About me


RESEARCH STATEMENT

I have several research interests at the intersection of economics and the interdisciplinary science of complex systems, spanning the theoretical-empirical spectrum. Taking a complex systems approach to economics can mean multiple things. Broadly speaking, it is a focus on networks, heterogeneity, non-linear dynamics and bounded rationality, which have now become popular topics in economics. Narrowly speaking, it means building economic models from the bottom-up, without assuming equilibrium, such as Agent-Based Models (ABMs). In this latter sense, the complexity economics approach is still controversial and considered “heterodox” by the majority of economists. I think economics would greatly benefit from embracing non-equilibrium, complex systems models. So, as my main high-level research goal, I want to provide evidence of the usefulness of this approach.

On a purely theoretical level, this means investigating when the equilibrium assumption is reasonable. In one of my lines of research, I investigate when equilibrium is a valid assumption in games: Do players who learn from repeatedly playing a game converge to equilibrium, or do they chaotically keep changing their behavior? Our results suggest that equilibrium may be an unrealistic assumption in more situations than what might be thought. This provides a theoretical foundation for non-equilibrium models.

On a more applied level, non-equilibrium models can be useful first of all qualitatively. By qualitatively, I mean to mathematically formalize and explain a theoretical mechanism. Many economists would say that for these purposes the standard assumptions of economic theory — optimization and equilibrium — are ideal. Yet, there are situations in which non-equilibrium models provide simpler narratives and allow to more easily incorporate realistic assumptions. For example, we show that an ABM of the housing market accounts with a simple narrative for a wide range of phenomena related to income segregation, inequality and house prices, and that a simple reduced-form macroeconomic model makes it easy to analyze synchronization of endogenous business cycles.

However, where I think ABMs really have an edge is in assimilating the moltitude of economic micro-data that are becoming available. By “assimilating”, I mean that parameters and variables of agents can be easily mapped to individual observations, initializing and running the model with a granular description of the economy.
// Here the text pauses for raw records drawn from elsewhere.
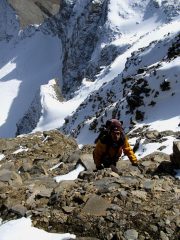 risalendo con attenzione all'anticima della Pointe du Ribon, su terreno esposto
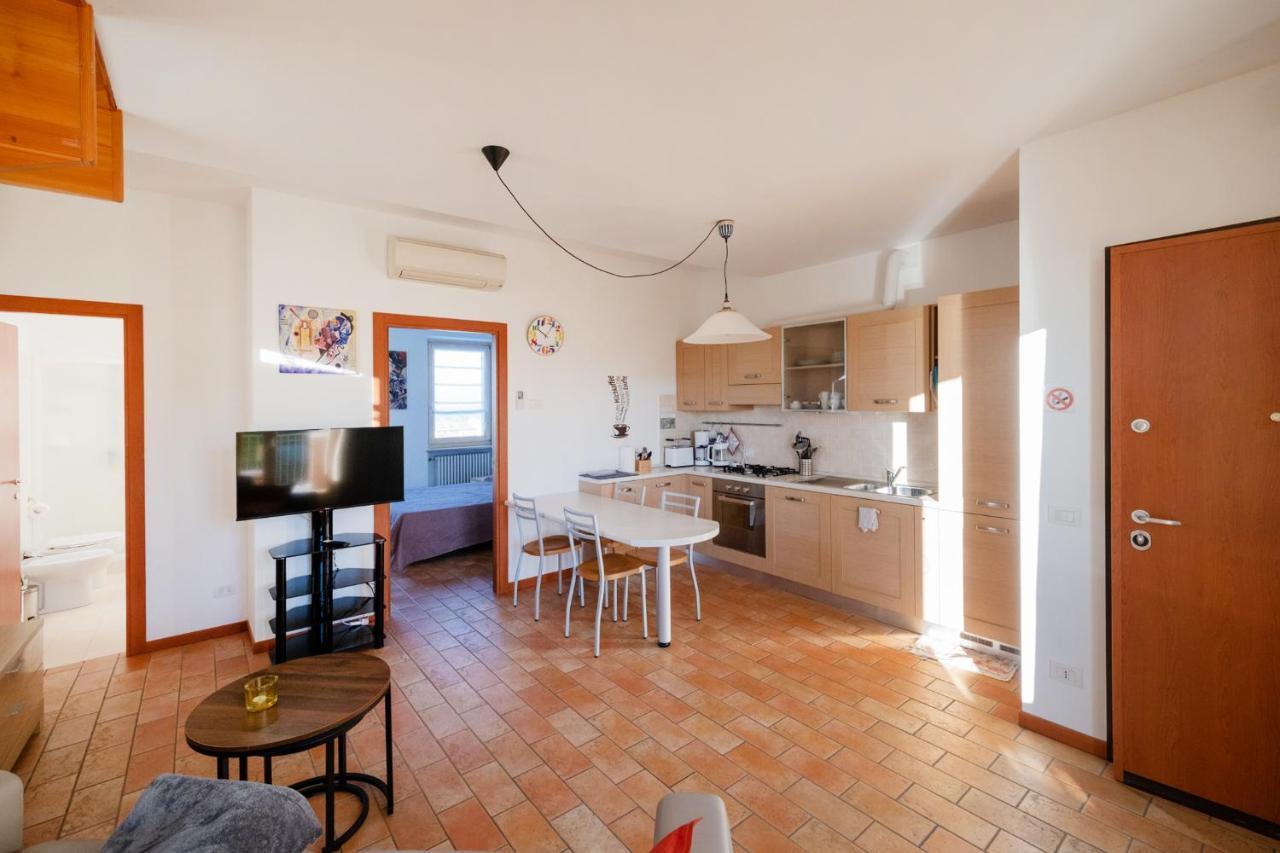 Apartmentsgarda - Rosa Chiare Bardolino Buitenkant foto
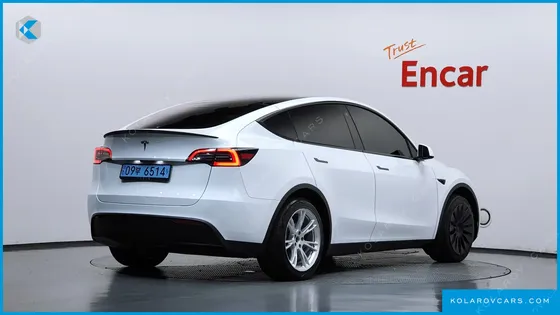 TESLA MODEL Y RWD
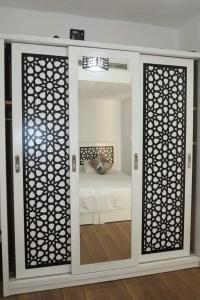 ポート・ガリブにあるMarina city port ghalib chaletのベッドルーム1室(鏡、ベッド1台付)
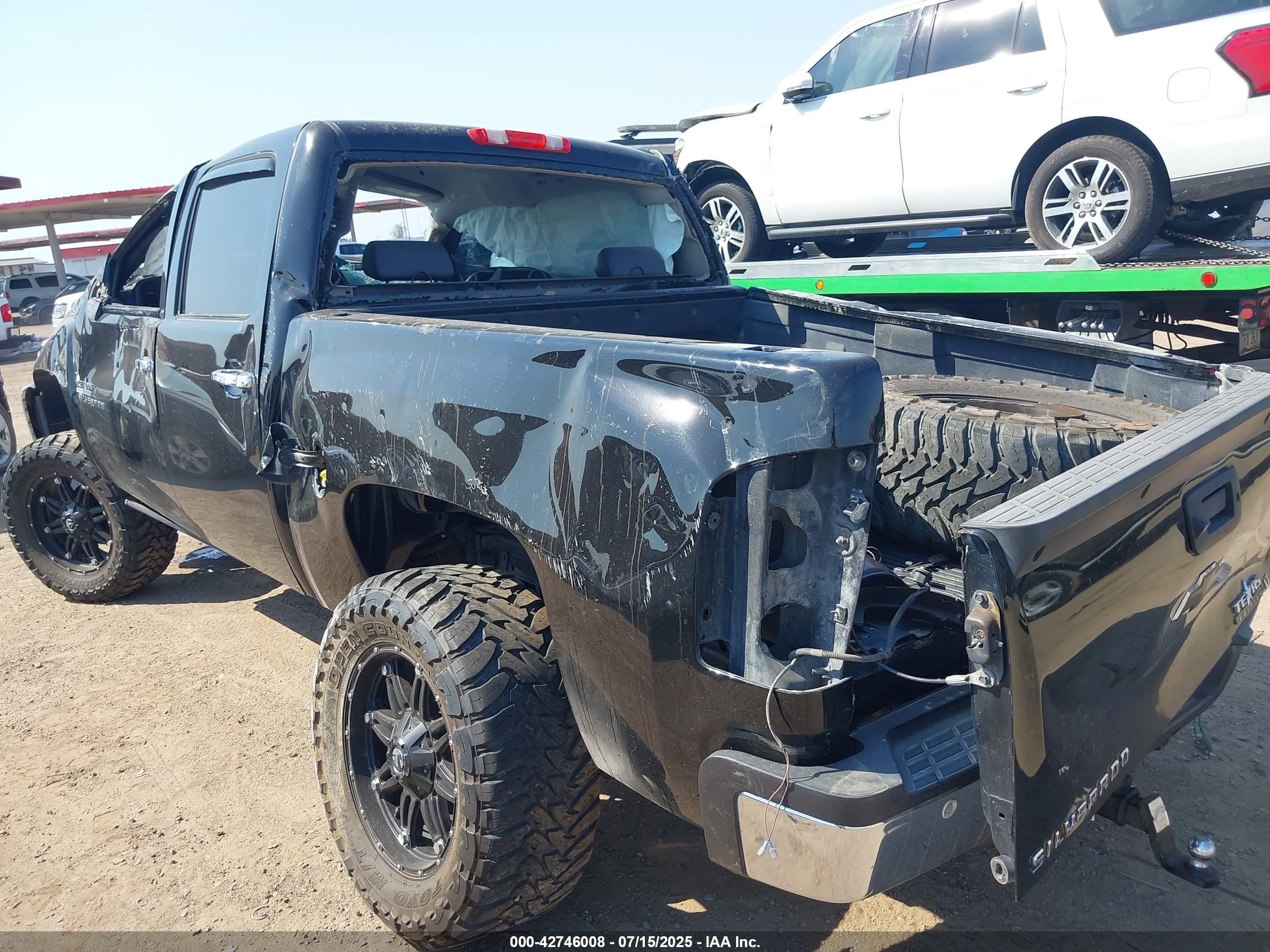 CHEVROLET SILVERADO image 6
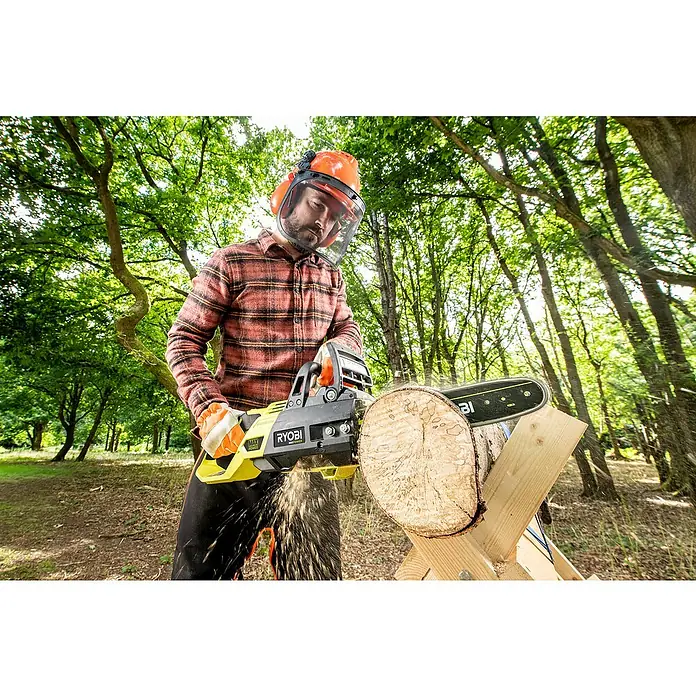 Ryobi Max Power Accukettingzaag RY36CSX30B-0 - 36 V, Li-ion, Excl. accu, Lengte zaagblad: 30 cm - Toepassingsvoorbeeld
This is not so easy in traditional models that must respect equilibrium constraints, which limit the amount of heterogeneity that models can handle. Initializing ABMs with detailed real-world data makes it possible to derive new insights and offer more sound policy recommendations. It also requires developing new techniques to dynamically estimate latent variables. Ultimately, being the assumptions in ABMs closer to reality than those of traditional economic models, ABMs should capture more signal of real economic processes, and so do a better job in quantitative prediction. This is my long-term research goal: comparing the out-of-sample predictive power of equilibrium models and ABMs. This does not mean that I think it is possible to predict economies far in the future with ABMs! I rather view short-run, out-of-sample prediction as an overfitting-free measure of realism. If it was possible to show explicitly that ABMs are, say, ten times more realistic than equilibrium models, policy makers would rather rely on ABMs for policy analysis.

 

BIO

I am a researcher at CENTAI, a newly founded research institute in Torino, Italy. Before, I was a James S. Mc Donnell Foundation Postdoctoral Fellow at the Institute of Economics and EMbeDS at the Sant’Anna School of Advanced Studies. I completed my DPhil (PhD) at the Mathematical Institute of the University of Oxford,  under the supervision of Professor Doyne Farmer, with an affiliation with the Complexity Economics group of INET Oxford. Prior to starting my PhD, I got a BSc in Physics and a MSc in Physics of Complex Systems from the University of Turin. At the same time, I studied Economics at the Scuola di Studi Superiori and Collegio Carlo Alberto in Turin. I prepared my master thesis at the Centre d’analyse et de mathematique sociales (CAMS) in Paris, under the supervision of Professors Jean-Pierre Nadal,  Pietro Terna and Annick Vignes.